13 de set. de 2010

Paulo Guerra: Los padres terribles

Foto: Guilherme Santos
Em casa, estamos todos loucos.

(fala do personagem Miguel – o filho)

A convite da organização do 17º Porto Alegre em Cena fui convidado para assistir e após comentar o espetáculo uruguaio Los padres terribles, de Jean Cocteau, na Sala Carlos Carvalho da C.C.M.Q..

As portas do teatro abrem 15 minutos antes do início, a fila anda e consigo um bom lugar na terceira fila. Começa aquele burburinho maravilhoso que só quem é do teatro sabe o valor que tem. O público conversando, cheio de expectativas, curiosidades... Próximo do início da peça, chama-me a atenção, e a de algumas pessoas próximas, uma conversa (discussão) bem calorosa, na primeira fila, de uma família de quatro integrantes. Pensei: será que já começou? Não é em castelhano? Era uma outra família, que discutia com os filhos sobre as compras dos ingressos para os outros espetáculos. Os pais discordavam das escolhas feitas.

Felizmente, a luz diminui e aos acordes da trilha iniciam pontualmente o espetáculo.

Mesmo prestes a completar 72 anos de sua criação,este texto de Jean Cocteau é extremamente contemporâneo na sua temática.O amor edipiano de uma mãe completamente enlouquecida por seu filho, esse às raias da infantilidade no auge dos seus 22 anos.
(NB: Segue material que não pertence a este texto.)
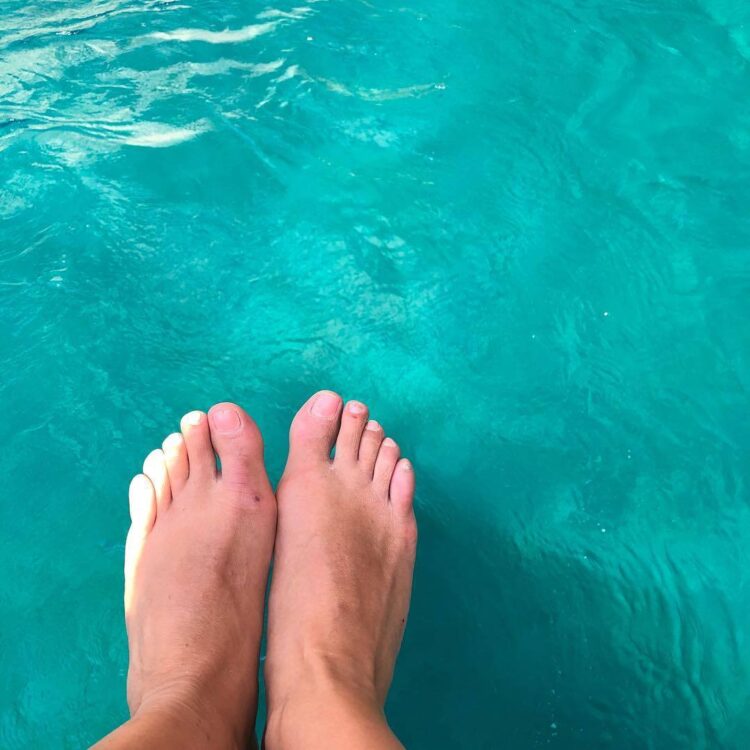 vivian howard feet 1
Um pai preocupado com suas invenções e uma “tia” que manipula tudo e todos . No decorrer dos conflitos, surge a noiva do filho, também surreal.
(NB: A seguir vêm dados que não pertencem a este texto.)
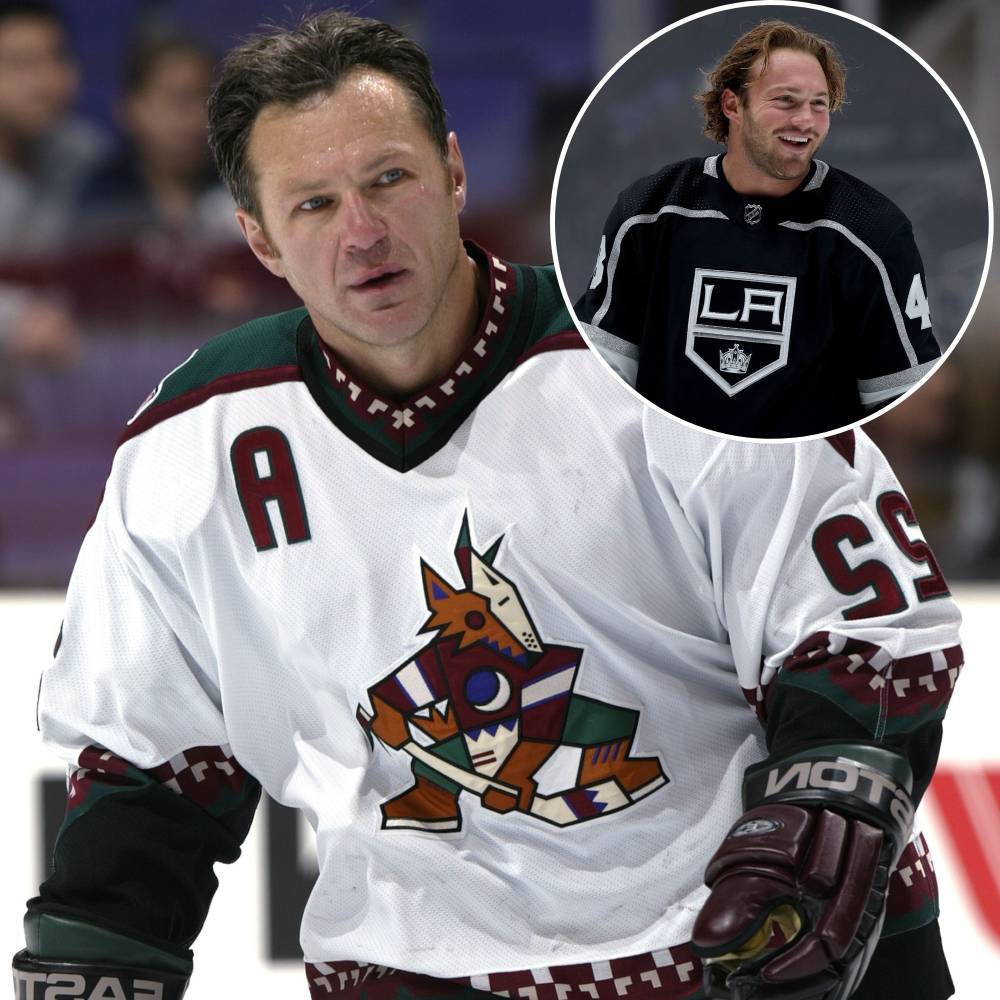 Claude Lemieux Son Brendan Breaks Silence After His Suicide at Age 60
Surreal como seu autor e por que não dizer do diretor Alberto Zimberg, que é correto em manter o ritmo da encenação e, também, pelo ótimo desempenho do elenco, que joga, com segurança, neste emaranhado universo íntimo familiar, seus segredos inconfessáveis e suas crises de identidade.
O jogo cênico é histriônico e hipnotizante, muitas vezes pelas situações absurdas que as personagens passam. Levam o público a serem cúmplices daquele quarto onde tudo acontece.

Tudo funciona bem, um cenário simples e muito bem solucionado, com a transformação em outro ambiente. O emaranhado de fios e nós que compõem a cabeceira da grande cama nos remete à trajetória distorcida dos relacionamentos. Um figurino também de acordo e elegante com a proposta. Vale ressaltar a trilha sonora do grupo Ojos Del Cielo que soma-se ao trabalho, bem como a iluminação pontuada.

O ponto alto do espetáculo é a interpretação dos atores. Destaco o naipe feminino, muito bem trabalhado nos seus respectivos universos. A atriz Carla Moscatelli é brilhante. Com uma voz majestosa, surpreende a todo momento. A personagem ajuda o seu desempenho, pois é o fio condutor de todas as ambigüidades desta família.

Enfim, ter a oportunidade de ver um Cocteau em nossa capital é um privilégio que só o Festival proporciona. Certamente, devemos aproveitá-la .

Ah! Aquela família do início saiu bem quietinha do teatro.